FBAR & FATCA Information
Understanding required disclosures and filings related to financial assets held outside the U.S. is imperative to ensuring you’ll be ready to fill out forms the right way and remain compliant with the IRS. We can help.
Visit the Virtual Expat Tax Preparation page for more instructions and to get started filling out your FBAR and other forms, or find an office near you to talk with a tax advisor if you're in a country with an H&R Block tax office.

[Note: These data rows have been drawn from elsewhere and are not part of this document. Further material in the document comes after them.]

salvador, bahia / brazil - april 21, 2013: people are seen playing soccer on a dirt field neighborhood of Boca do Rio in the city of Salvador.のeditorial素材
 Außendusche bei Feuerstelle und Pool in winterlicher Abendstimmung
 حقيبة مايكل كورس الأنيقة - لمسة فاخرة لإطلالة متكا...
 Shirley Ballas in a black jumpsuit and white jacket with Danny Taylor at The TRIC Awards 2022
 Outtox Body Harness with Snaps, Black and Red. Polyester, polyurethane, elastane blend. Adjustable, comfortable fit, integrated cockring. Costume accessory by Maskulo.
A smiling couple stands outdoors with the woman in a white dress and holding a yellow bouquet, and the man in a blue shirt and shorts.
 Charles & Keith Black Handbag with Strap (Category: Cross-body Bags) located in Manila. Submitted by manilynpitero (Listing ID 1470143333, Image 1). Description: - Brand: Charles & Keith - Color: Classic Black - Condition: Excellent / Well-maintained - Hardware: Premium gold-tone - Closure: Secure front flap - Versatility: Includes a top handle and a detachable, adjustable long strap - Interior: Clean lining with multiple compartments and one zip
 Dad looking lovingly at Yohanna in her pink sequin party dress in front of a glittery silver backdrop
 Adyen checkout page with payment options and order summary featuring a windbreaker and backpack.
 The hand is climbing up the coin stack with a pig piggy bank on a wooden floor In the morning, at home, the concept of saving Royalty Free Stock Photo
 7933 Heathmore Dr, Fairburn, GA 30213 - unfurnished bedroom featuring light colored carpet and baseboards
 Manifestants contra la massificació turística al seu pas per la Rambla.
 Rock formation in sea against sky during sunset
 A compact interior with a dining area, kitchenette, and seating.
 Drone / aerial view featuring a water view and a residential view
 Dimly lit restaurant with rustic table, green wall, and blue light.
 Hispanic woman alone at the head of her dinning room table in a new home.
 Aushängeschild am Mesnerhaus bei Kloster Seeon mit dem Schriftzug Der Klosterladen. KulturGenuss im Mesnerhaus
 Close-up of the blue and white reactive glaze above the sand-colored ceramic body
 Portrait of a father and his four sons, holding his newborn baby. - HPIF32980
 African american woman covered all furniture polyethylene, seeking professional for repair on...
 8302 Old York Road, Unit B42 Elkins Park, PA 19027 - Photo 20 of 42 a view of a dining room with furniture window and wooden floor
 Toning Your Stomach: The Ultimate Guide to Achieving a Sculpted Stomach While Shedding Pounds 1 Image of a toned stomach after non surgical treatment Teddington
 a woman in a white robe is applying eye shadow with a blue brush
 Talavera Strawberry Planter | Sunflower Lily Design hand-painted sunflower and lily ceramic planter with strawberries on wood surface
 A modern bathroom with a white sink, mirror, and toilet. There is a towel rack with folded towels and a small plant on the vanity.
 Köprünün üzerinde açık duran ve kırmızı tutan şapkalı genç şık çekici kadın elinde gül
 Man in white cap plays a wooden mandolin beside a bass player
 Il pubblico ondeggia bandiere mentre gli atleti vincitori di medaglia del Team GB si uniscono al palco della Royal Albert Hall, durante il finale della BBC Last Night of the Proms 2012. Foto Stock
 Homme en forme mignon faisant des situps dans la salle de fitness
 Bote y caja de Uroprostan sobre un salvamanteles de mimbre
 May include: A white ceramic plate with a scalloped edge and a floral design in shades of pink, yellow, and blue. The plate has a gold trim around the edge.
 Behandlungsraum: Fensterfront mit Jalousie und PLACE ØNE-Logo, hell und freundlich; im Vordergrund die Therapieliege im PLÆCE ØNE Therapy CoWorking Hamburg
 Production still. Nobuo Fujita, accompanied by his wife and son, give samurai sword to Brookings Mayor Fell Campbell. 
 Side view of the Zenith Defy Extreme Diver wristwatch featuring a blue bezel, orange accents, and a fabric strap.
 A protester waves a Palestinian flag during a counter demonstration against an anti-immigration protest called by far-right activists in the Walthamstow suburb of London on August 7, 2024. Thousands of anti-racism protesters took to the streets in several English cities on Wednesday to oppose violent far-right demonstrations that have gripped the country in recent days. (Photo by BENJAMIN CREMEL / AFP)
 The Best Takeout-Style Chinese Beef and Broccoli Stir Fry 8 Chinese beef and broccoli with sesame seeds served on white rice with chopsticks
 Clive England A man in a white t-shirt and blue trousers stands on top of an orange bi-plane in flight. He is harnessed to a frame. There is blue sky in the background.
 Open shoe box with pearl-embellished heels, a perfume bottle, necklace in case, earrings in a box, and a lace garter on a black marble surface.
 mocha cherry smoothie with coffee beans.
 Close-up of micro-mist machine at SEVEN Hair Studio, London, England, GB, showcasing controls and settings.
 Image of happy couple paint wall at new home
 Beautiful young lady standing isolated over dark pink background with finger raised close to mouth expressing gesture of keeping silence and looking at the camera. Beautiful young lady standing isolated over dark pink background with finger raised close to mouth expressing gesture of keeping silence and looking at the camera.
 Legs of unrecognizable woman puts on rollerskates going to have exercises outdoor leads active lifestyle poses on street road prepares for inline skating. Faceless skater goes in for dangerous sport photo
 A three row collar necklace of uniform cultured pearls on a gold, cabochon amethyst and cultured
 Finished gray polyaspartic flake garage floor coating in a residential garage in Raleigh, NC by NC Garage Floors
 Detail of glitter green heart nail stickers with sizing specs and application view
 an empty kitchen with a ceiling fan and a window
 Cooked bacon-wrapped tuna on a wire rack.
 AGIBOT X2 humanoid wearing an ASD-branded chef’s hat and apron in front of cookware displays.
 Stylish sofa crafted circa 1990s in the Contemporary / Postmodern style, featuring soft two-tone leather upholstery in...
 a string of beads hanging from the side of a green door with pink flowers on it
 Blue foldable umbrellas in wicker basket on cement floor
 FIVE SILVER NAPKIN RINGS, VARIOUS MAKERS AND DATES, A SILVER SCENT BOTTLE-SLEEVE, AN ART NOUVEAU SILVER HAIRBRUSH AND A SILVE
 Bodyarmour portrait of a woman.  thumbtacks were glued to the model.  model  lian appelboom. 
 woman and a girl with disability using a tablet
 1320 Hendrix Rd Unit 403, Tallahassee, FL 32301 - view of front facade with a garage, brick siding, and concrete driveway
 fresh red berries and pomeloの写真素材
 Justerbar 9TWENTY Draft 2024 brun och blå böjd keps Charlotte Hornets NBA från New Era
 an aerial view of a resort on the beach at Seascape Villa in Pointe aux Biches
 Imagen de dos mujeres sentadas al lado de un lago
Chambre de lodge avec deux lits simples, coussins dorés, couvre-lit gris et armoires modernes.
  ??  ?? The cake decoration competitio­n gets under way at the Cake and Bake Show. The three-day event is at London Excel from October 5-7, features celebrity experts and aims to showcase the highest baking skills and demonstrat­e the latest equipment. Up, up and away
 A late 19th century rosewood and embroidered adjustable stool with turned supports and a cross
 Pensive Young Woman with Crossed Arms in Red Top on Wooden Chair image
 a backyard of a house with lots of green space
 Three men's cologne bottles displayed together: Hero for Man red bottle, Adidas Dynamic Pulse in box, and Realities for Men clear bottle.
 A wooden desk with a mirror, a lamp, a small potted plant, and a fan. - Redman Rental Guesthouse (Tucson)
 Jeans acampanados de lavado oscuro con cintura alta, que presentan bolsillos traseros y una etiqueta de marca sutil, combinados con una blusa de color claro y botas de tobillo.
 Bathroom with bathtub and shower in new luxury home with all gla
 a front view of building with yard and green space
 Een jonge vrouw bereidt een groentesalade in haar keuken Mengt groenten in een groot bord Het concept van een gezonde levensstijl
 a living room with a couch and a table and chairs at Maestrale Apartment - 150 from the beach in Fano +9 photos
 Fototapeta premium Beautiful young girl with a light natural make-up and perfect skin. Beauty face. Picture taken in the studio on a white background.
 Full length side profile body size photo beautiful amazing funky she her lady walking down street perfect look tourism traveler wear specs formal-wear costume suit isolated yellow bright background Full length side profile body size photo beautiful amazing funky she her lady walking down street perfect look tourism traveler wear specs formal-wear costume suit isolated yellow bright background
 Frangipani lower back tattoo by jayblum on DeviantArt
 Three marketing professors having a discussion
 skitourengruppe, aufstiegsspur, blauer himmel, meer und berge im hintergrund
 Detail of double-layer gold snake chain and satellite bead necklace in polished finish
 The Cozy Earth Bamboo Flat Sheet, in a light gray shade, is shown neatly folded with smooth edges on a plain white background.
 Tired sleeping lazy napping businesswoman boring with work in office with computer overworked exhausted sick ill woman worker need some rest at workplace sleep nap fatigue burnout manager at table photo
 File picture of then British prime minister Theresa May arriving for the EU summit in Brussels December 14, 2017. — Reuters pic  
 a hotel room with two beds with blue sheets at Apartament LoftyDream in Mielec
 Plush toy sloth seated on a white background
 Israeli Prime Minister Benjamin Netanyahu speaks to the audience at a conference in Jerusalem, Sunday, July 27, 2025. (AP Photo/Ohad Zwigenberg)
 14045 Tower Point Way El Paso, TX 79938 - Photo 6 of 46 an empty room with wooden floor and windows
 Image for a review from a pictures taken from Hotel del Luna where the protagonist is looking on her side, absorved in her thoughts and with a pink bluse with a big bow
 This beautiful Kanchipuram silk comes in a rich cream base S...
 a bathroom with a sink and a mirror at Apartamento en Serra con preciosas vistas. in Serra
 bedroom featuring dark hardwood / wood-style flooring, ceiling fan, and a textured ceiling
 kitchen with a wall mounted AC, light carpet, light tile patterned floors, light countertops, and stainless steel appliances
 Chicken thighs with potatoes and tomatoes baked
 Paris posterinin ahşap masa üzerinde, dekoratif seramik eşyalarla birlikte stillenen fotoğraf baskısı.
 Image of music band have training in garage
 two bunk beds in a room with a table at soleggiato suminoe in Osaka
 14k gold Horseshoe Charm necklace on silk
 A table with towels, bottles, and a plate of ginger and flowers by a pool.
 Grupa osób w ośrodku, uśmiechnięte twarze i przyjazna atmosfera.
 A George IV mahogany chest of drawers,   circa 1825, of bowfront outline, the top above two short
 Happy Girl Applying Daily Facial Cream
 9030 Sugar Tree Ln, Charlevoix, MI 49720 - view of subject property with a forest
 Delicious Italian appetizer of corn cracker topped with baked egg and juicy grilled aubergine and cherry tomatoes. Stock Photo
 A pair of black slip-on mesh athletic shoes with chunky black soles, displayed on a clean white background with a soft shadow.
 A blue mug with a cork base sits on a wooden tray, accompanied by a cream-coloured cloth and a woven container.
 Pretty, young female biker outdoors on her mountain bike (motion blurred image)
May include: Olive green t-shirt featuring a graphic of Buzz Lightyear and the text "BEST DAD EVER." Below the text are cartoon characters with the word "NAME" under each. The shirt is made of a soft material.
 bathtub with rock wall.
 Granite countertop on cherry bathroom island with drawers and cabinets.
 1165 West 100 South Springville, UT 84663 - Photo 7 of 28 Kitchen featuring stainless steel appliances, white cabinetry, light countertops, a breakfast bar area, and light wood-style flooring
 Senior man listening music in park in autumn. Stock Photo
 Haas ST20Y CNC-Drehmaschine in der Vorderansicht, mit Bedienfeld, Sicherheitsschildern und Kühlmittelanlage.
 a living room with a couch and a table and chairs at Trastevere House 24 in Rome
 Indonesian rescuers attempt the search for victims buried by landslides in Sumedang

FBAR Filing Requirements and FinCEN Form 114
By law, you must file FinCEN Form 114 (Report of Foreign Bank and Financial Accounts, or "FBAR") if both of the following are true:
- You're a U.S. citizen or resident taxpayer or domestic business entity
- You own, control, or have signature authority over foreign bank and financial accounts with a combined value over $10,000
FBAR Filing Deadline
The FBAR is filed separately from your tax return and does not go to the IRS. Your FBAR is filed online through the BSA E-Filing System. The deadline for the FBAR is April 15 to coincide with Tax Day, but an automatic six-month extension to October 15 is available if your FBAR is filed after the initial tax deadline.
Who Should File an FBAR?
You're probably required to file an FBAR if you're:
- A U.S. citizen or green card holder living abroad
- Using personal or business foreign accounts for everyday activities
The reporting requirement covers many types of foreign accounts maintained outside of the United States, including:
- Bank accounts
- Securities accounts
- Certain foreign retirement arrangements
The FBAR filing requirement isn’t new, but expats often overlook it. Recent international enforcement efforts have raised awareness of the requirement.
Don't worry. Your FBAR is only an informational document. No additional tax will be added. However, penalties can be levied if you don’t file or file late. It’s important to work with an expat tax advisor who understands your obligations.
FATCA Filing Requirements and Form 8938
The Foreign Account Tax Compliance Act (FATCA) is a part of the government’s efforts to combat offshore tax evasion. American expats of all income levels with foreign accounts and assets should know about it. FATCA requirements impact U.S taxpayers and overseas financial institutions:
- U.S. taxpayers with foreign accounts and assets may need to file Form 8938: Statement of Specified Foreign Financial Assets with their annual U.S. Income Tax Return
- Foreign financial institutions must disclose information about U.S. citizens who hold accounts overseas
Form 8938 is the same as an FBAR in many ways. However, it has lower reporting thresholds and requires you to disclose certain "non-account" assets such as:
- Business and trust ownership
- Certain contractual investments with foreign parties
FATCA Due Dates
As Form 8938 is filed with your U.S. income tax return, due dates applicable to Form 1040 apply. Automatic extensions for expats living abroad or additional extensions to October 15 can provide more time to collect needed information from foreign financial institutions and determine your filing requirements.
Form 8938 Filing Thresholds
Filing thresholds differ depending on where you lived during the tax year.
If you live within the U.S. the entire tax year, you must file Form 8938 if the value of your reportable foreign assets exceeds either of these levels:
- More than $50,000 (or $100,000 if married filing jointly) at the end of the year, or
- More than $75,000 (or $150,000 if married filing jointly) at any time in the year
Expats living abroad have an increased reporting threshold. You don’t need to complete this form unless your foreign assets exceed either:
- $200,000 (or $400,000 if married filing jointly) at the end of the year, or
- $300,000 (or $600,000 if married filing jointly) at any time during the year
Financial Institution Reporting
Many foreign financial institutions must report their U.S. citizen and resident clients’ accounts worth more than $50,000. If you’re an expat who hasn’t been filing returns and FBARs, this could affect you.
Example: The foreign banks you use might be required to obtain additional information about you. They would report this information to the U.S. government. The IRS can then determine if you’re not in compliance before you report yourself. In that case, many preferential disclosure options will be unavailable to you. You might face additional tax, penalties, and interest.